作为OECD的成员国,欧盟国家的资本项目自由化同时也受OECD的原则指导。OECD对资本项目开放的要求与欧共体指令相似。伴随OECD宪章及欧共体指令下的资本流动自由化,工业化国家建立了对银行谨慎监管的最低国际标准。这方面的活动是由国际清算银行负责。1974年成立的巴塞尔委员会一直负责规定银行谨慎监管的指导原则。1983年巴塞尔委员会发表了“巴塞尔规则”(Basle Concordat),确定了监管国际银行的母国与东道国的责任。1988年又提出了银行资本的最低标准。以后,巴塞尔委员会意识到银行资本的充足只是保障银行经营稳健的因素之一,为此在1997年巴塞尔委员会又提出了有效监管的核心原则。
我们可以把上述欧盟国家实行资本项目开放的制度安排做一总结:(1)指导机构:欧共体货币委员会。(2)指导文件:罗马条约,欧共体指令,OECD宪章。(3)监管银行的责任:巴塞尔委员会。这一切有序的安排都为发达国家实施资本项目的自由化奠定了良好的基础。
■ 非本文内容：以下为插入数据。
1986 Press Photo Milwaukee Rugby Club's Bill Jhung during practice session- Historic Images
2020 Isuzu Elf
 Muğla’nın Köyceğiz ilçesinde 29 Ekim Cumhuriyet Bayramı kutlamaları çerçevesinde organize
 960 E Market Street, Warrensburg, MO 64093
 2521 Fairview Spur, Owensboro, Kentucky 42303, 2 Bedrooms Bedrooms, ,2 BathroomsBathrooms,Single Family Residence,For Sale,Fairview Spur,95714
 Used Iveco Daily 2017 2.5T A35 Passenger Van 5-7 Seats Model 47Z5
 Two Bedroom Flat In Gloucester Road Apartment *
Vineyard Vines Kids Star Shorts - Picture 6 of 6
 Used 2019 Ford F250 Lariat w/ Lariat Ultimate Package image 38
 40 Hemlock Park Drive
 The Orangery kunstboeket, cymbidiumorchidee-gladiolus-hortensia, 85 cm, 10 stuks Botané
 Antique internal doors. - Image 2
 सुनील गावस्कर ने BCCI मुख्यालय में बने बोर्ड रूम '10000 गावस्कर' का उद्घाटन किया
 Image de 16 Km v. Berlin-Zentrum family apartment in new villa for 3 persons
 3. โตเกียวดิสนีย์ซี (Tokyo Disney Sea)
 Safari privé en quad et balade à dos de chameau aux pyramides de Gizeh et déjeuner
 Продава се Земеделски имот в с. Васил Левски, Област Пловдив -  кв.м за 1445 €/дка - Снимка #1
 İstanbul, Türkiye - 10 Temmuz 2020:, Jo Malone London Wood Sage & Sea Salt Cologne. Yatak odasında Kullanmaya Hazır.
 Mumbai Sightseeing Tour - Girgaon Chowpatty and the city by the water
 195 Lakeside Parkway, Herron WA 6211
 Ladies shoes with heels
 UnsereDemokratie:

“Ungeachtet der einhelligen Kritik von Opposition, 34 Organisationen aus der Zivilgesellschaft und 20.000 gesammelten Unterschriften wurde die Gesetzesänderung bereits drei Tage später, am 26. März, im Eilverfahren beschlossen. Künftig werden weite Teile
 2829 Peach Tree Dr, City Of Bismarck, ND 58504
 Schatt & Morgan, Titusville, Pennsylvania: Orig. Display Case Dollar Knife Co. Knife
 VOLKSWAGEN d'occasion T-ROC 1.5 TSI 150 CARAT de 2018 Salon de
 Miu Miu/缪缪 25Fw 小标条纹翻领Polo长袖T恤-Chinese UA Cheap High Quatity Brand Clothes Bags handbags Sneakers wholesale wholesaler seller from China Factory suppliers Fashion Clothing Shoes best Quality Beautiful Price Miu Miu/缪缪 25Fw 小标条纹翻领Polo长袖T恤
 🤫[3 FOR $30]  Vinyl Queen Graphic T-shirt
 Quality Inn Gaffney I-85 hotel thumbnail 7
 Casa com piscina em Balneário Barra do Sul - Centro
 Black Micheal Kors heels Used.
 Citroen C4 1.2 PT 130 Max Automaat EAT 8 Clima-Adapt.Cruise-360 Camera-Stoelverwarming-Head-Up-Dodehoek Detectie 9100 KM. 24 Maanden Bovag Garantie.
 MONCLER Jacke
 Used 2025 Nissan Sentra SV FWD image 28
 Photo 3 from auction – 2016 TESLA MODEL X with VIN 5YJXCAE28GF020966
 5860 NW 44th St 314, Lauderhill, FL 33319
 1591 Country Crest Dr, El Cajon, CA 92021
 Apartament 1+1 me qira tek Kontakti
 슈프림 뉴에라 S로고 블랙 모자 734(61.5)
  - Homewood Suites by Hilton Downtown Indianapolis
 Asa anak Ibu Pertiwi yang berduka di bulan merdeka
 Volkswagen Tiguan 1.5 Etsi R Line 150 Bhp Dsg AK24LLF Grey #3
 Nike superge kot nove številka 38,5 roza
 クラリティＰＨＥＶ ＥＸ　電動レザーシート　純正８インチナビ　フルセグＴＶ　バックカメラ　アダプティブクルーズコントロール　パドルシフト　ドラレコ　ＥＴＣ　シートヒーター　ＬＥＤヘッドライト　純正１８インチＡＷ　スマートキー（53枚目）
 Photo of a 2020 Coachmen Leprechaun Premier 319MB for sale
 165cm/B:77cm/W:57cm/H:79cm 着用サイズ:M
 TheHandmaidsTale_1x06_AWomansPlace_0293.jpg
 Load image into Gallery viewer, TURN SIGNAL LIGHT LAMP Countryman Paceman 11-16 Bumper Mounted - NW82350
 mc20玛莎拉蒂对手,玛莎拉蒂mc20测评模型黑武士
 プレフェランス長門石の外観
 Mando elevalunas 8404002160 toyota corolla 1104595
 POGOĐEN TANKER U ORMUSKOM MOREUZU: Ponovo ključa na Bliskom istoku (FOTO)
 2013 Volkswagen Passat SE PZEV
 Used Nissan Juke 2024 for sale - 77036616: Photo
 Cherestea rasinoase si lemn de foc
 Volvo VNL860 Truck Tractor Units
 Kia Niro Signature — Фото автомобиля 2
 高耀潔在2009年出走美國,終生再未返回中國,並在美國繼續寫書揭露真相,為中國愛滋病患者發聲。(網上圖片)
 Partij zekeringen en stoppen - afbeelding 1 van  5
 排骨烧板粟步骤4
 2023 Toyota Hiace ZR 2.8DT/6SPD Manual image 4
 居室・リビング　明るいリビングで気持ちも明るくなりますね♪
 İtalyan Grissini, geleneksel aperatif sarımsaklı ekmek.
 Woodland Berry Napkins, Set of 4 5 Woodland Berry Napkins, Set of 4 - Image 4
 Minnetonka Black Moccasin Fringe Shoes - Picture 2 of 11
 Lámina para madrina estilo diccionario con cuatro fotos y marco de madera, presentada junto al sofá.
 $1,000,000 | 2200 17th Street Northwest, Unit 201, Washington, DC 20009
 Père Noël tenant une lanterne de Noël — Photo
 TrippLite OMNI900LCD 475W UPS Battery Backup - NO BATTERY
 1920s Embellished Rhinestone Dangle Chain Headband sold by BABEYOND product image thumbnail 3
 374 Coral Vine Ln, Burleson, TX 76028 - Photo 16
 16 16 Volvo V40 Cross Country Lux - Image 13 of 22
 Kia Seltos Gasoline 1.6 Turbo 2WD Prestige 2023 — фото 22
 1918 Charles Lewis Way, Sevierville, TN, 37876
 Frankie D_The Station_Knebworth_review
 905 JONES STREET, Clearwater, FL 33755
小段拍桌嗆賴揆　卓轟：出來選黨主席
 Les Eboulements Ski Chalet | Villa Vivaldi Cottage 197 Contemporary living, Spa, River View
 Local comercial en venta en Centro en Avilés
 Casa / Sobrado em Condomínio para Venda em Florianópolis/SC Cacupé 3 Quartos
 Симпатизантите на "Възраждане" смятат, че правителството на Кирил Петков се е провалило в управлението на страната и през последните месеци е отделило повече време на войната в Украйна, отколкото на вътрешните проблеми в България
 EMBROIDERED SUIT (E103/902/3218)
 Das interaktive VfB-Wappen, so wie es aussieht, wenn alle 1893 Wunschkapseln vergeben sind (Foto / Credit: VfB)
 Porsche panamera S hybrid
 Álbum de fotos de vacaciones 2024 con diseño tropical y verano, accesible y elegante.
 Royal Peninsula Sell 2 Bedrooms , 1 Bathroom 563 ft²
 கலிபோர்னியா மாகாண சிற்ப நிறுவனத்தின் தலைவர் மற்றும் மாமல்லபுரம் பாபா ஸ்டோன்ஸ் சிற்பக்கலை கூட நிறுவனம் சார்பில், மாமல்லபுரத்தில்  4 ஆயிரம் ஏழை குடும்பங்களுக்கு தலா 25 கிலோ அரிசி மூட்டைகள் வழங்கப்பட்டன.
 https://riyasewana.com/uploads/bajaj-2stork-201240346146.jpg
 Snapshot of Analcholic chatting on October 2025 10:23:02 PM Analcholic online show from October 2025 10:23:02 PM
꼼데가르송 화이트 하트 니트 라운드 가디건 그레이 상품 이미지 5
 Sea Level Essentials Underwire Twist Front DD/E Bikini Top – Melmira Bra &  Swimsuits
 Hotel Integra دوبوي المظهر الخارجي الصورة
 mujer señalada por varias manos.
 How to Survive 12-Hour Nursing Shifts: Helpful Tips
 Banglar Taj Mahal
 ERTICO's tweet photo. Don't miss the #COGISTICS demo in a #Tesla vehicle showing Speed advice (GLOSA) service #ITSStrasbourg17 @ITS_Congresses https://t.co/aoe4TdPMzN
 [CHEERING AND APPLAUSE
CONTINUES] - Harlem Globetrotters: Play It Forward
纵观发展中国家在资本项目开放上的过程,没有一个国际性的金融机构给予规划设计。IMF在这方面没有发挥其应有的作用。巴塞尔委员会的一系列决议对发展中国家没有约束力,而且那些决议都是以发达国家银行做背景的,有些可能不适应发展中国家。WTO涉及资本流动是在乌拉圭回合后,直到1997年12月金融服务贸易协议由102个国家签署。尽管该协议的实施与资本项目自由化的程度有关,但WTO没有责任安排成员国的资本项目自由化,它只能通过服务贸易的自由化间接地促进资本项目的自由化。在缺少制度安排的情况下,发展中国家大范围地开放资本项目是不适宜的。